Let’s start with touching lines: when the interline spacing is reduced, the lines are difficult to segment because they contain touching characters.
But the problem is more complicated than that: the software has work its way around the shape of certain characters to separate the lines. (The “leg” of the “j”, “g”, “p” etc. character is called a “descender”.) Even when no characters touch on two successive lines, the character recognition can be confronted with line overlap: the dots on the “i’s”, the punctuation marks and the accents on certain vowels complicate things further because they’re hanging between two lines…
Lineskew constitutes a further challenge to the line segmentation: the OCR software has to detect the skew angle before it can segment the lines.
OCR systems can cope with lineskew when it is regular: placing text on a curved path makes it illegible to your OCR software.
OCR software for pen scanners is much more flexible in this respect — and it has to be: as you are operating a “hand-held” scanner, you will inevitably get wavy, distorted images.
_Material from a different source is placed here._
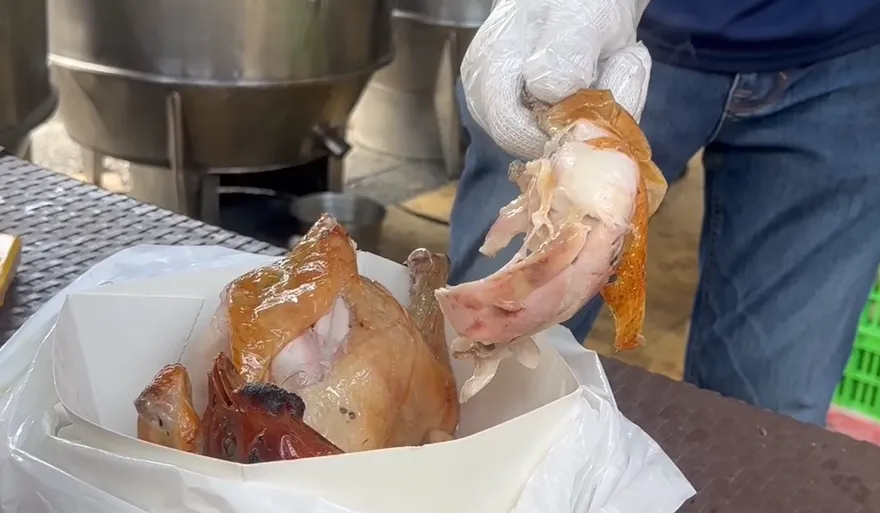 影/颱風假祭品之亂！南投排100隻烤雞　民眾插隊爆衝突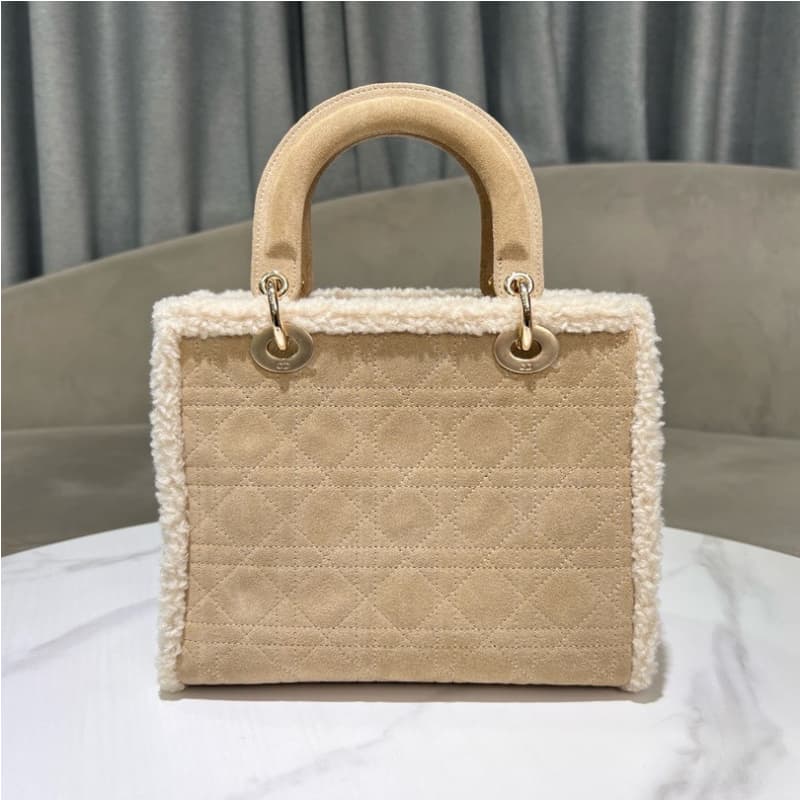 Dior bags | Lady Dior Handbag | 24 × 21 × 12 cm | M0565 | 03048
Unlike, say, flatbed scanners, pen scanners have no stepper motor or stabilizer bar to ensure that stable images get acquired! The only “stepper motor” involved is your hand that sweeps the pen scanner across the document.
Most pen scanners scan a document line by line (vertically) and are equipped with (a) roller(s) that allow(s) to detect the scanning speed.
Other pen scanners don’t have a roller: these pen scanners capture small two-dimensional images and require specialized software to “stitch” the overlapping bitmaps together.
(Incidentally, the new mouse scanners take the principle of image stitching to a whole new level! You swipe the mouse — sorry, scanner — across the document and that part of the image is generated. You could compare it to window cleaning, I guess…)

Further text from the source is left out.